The best way to think of karma is an energy that you’re creating every moment. Every intentional action or thought generates this energy.

We feel this every day, and it’s not stored for future punishment or reward.

However, if you’re reacting with anger all the time, you’re conditioning the mind for anger. Similarly, by reacting to things with peace and calm, you’re conditioning the mind for peace and calm.

All these qualities, such as anger, discontent, joy, harmony, etc can be seen as flowers and the seeds they sprout from.

When we’re born, all these mental qualities and emotions are seeds. Now imagine these seeds resting in the garden of your mind and constantly being either watered or neglected with your intentional thoughts.

Depending on what you do, you’re either watering the bad seeds or watering the good ones. These seeds can eventually grow into flowers or they can wither and die.

The important thing to realize is that the energy we give to these flowers is our karmic energy.

By living with mindfulness we can observe this karmic mind which is becoming conditioned in our minds and begin to change how we react in our daily lives.

Mindfulness gives us the ability to choose which flowers we water and which we don’t. Without mindfulness, we’re simply reactive to conditioned thought patterns.

So to use karma as a force for our own personal and spiritual development, a force for great good, you need only shine the light of mindfulness on your life to identify your karmic energy and work to heal any karmic energy holding you back.
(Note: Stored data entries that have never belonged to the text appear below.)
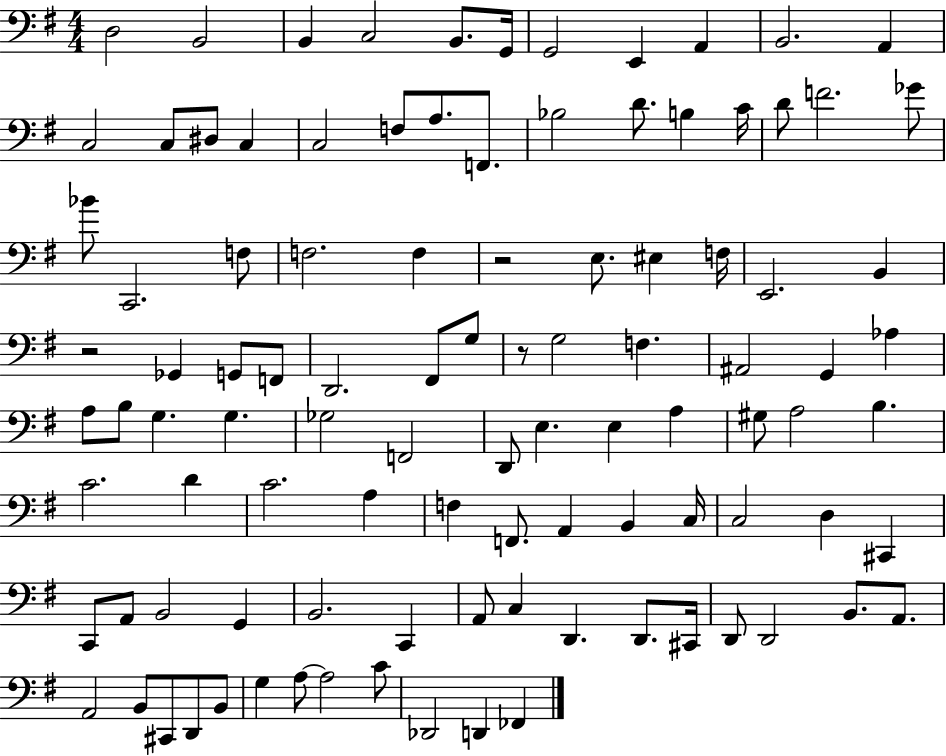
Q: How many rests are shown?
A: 3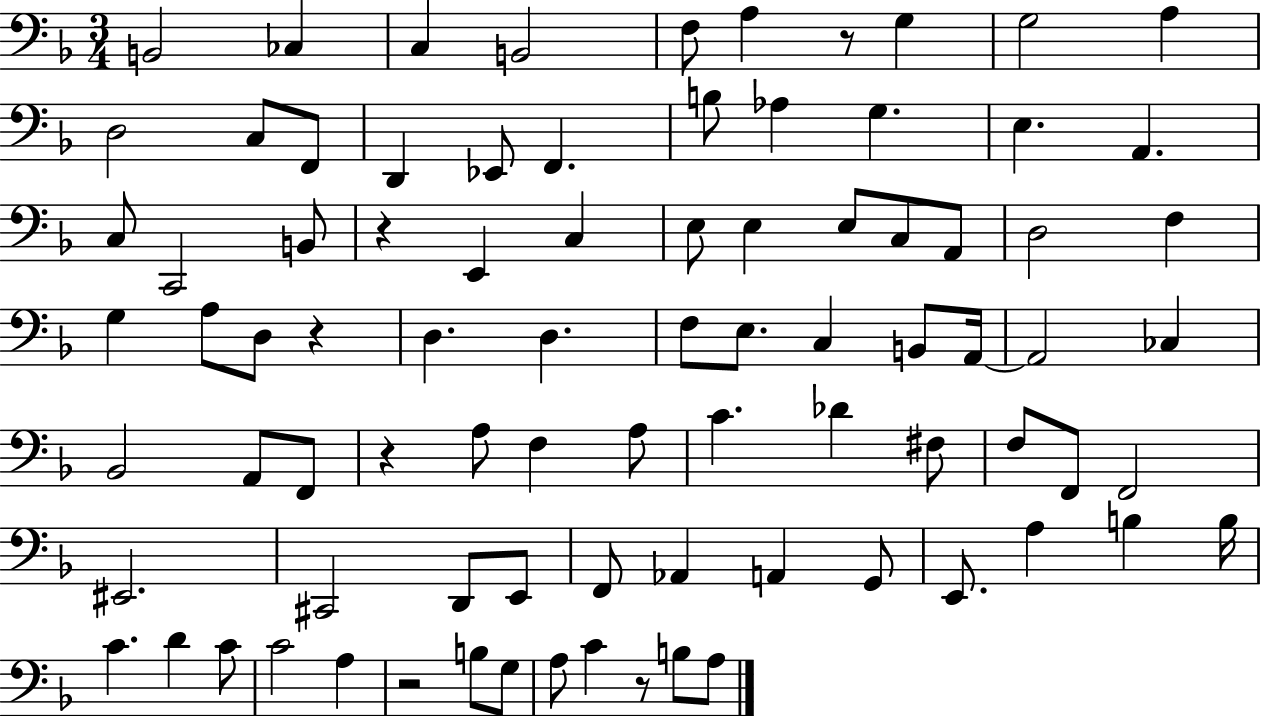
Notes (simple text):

B2/h CES3/q C3/q B2/h F3/e A3/q R/e G3/q G3/h A3/q D3/h C3/e F2/e D2/q Eb2/e F2/q. B3/e Ab3/q G3/q. E3/q. A2/q. C3/e C2/h B2/e R/q E2/q C3/q E3/e E3/q E3/e C3/e A2/e D3/h F3/q G3/q A3/e D3/e R/q D3/q. D3/q. F3/e E3/e. C3/q B2/e A2/s A2/h CES3/q Bb2/h A2/e F2/e R/q A3/e F3/q A3/e C4/q. Db4/q F#3/e F3/e F2/e F2/h EIS2/h. C#2/h D2/e E2/e F2/e Ab2/q A2/q G2/e E2/e. A3/q B3/q B3/s C4/q. D4/q C4/e C4/h A3/q R/h B3/e G3/e A3/e C4/q R/e B3/e A3/e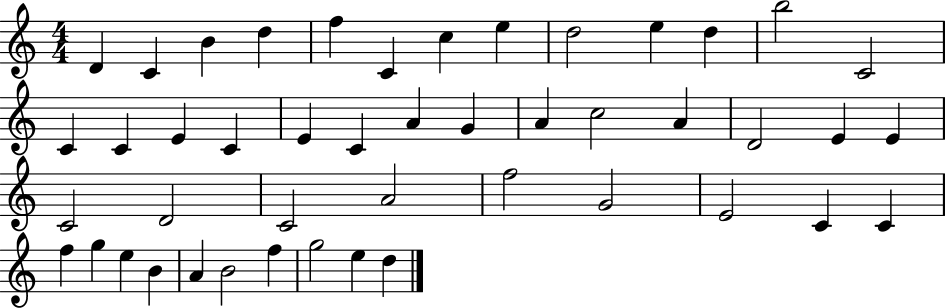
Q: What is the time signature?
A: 4/4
Here’s an excellent example of how karma can come back to reward you in the future:

If you want to dive deeper into the meaning Karma, check out this excellent 30-minute video on what karma means:

In conclusion

Karma is a dynamic spiritual cycle of actions and effects that we directly control through our thoughts, decisions, and actions. When we create positive choices and thoughts, we will receive positive outcomes. Not because it is fated, but because this is the natural consequence of the previous actions we took.

By living with this knowledge of karma, we can let go of mental baggage and worries that we think are assigned to us and instead take control of our life.

Sure there are going to be outside factors that affect your life. But if you deepen your understanding of what true peace looks like, you’ll have the ability to experience life fully no matter what’s going on around you.

Karma shows that we have the freedom to decide what happens to us. It’s our intentional actions and thoughts that govern our lives.

If you’re interested in learning more about Buddhism and eastern philosophy, we’ve put together a no-nonsense guide. It’s a 96-page eBook and focuses on specific actions you can take to improve all aspects of daily living, including your relationships, emotional resilience, and state of mind.

What does your future hold?

A friend of mine was going through a crisis.

And she passed me along a free video that she says changed everything for her. The video talks about biorhythms and how we can use them to predict our future and mold it to our advantage.

Check out the epic video here.

Don’t know what biorhythms are?

Well it’s a concept that’s generating a lot of buzz among an unlikely group, including scholars, scientists, shamans, and mystics.

Biorhythms can be used to predict important parts of a person’s life through mathematical cycles. Although it originated in the 19th century, it didn’t become popular until fairly recently.

The basic idea is that our daily lives are affected by rhythmic cycles, with peaks and storms. The best bit is that by understanding our own cycle we can predict our good and bad days and important life events. And most importantly, go on to achieve great things in life.

If you’re still confused, think numerology or astrology. But with a little more scientific cred…

Now, I’m a natural skeptic when it comes to a lot of this stuff. But the fact is cycles are everywhere, from day and night, to the 4 seasons, to the human body running on circadian and ultradian rhythms.

Anything which helps (even a little) you to look into the future, see roadblocks heading your way, and be able to easily sidestep them is worth at least checking out.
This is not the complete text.